O apetite de nossa época pelo "lado humano" dos artistas e celebridades expressa-se de modo variado: na enxurrada de grandes biografias, no sucesso da revista "Caras", na onda de livros de "perfis" de personalidades.
Vivemos num tempo em que a imagem pública de um artista vale mais do que a sua obra -e há toda uma imprensa e uma indústria editorial empenhadas em construir essa imagem e oferecê-la ao consumo imediato.
Em "Inventário das Sombras", José Castello, colunista de "O Estado de S.Paulo" e um dos mais destacados jornalistas literários do país, pretende expressamente ir contra essa tendência vampiresca e redutora da mídia.
Os perfis de 15 escritores que Castello reuniu em seu livro buscam captar o que há, nesses criadores, de secreto e refratário às luzes da publicidade (daí o recurso à imagem da "sombra").
O caminho escolhido pelo jornalista foi o de, usando a primeira pessoa, falar de sua própria relação com a figura e a obra de cada autor, narrando seus encontros e desencontros com eles, não raro confessando sua própria dificuldade em atravessar o véu das aparências e dos preconceitos.
Como resultado desse método, que mistura reportagem, ensaio e (admite o autor) um tanto de ficção, os escritores "perfilados" surgem no livro quase como personagens, eles mesmos, de uma construção literária.
Pois é evidente que o que Castello nos mostra de cada um de seus retratados não é "a verdade" por trás do mito, como chega a sugerir no prólogo, mas uma outra versão -mais matizada e inteligente- do mesmo mito.
Cada perfil pode ser visto como um diálogo a três: entre José Castello, seu personagem-escritor e a obra deste. É também um conjunto de narrativas perpassadas por um personagem recorrente, o próprio Castello.

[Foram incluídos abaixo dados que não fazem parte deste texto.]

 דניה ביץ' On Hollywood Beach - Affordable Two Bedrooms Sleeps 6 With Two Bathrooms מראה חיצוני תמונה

O livro cresce nos últimos perfis -do jornalista João Rath e do artista esquizofrênico Arthur Bispo do Rosário, os dois únicos não-escritores do lote-, nos quais o autor expõe-se mais cruamente, como personagem literário.
Em outros momentos, o texto enfraquece por conta da redundância. O perfil de Manoel de Barros repete à exaustão a mesma idéia: a de que, ao procurar o poeta, Castello esperava encontrar um jeca pantaneiro e deparou com um homem sofisticado.

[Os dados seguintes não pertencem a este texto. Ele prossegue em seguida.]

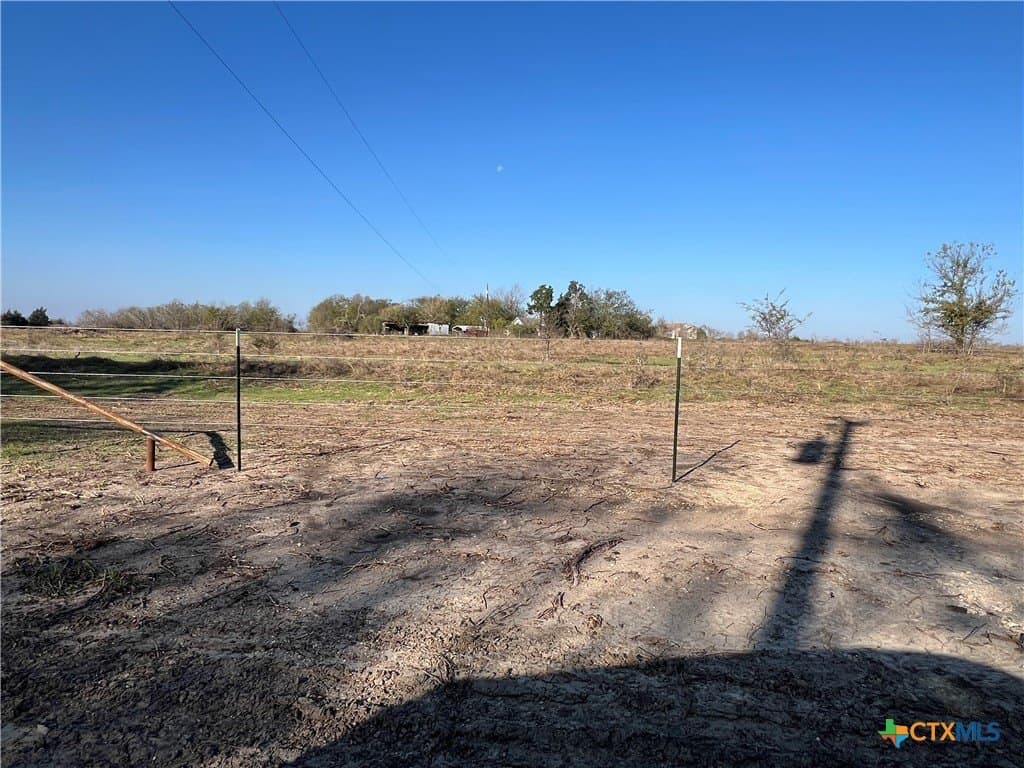 20 acres in Milam County gallery image 3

Alguns erros de informação são dignos de nota. Castello diz que o livro "La Jalousie", de Robbe-Grillet, foi levado ao cinema por Godard, com Brigitte Bardot. O filme é "O Desprezo" e inspirou-se, na verdade, no romance homônimo de Alberto Moravia. Em outra passagem, o autor afirma que "La Trama Celeste" é sua novela favorita de Adolfo Bioy Casares. Mas "La Trama Celeste" é um conto da coletânea de mesmo nome.
A despeito desses deslizes, "Inventário das Sombras" é um livro estimulante, que repõe em novos termos a relação entre o escritor e sua figura pública.
Em tempo: os outros retratados são Clarice Lispector, João Antônio, Caio Fernando Abreu, Hilda Hilst, Nelson Rodrigues, Raduan Nassar, Ana Cristina Cesar, José Saramago, Dalton Trevisan e José Cardoso Pires.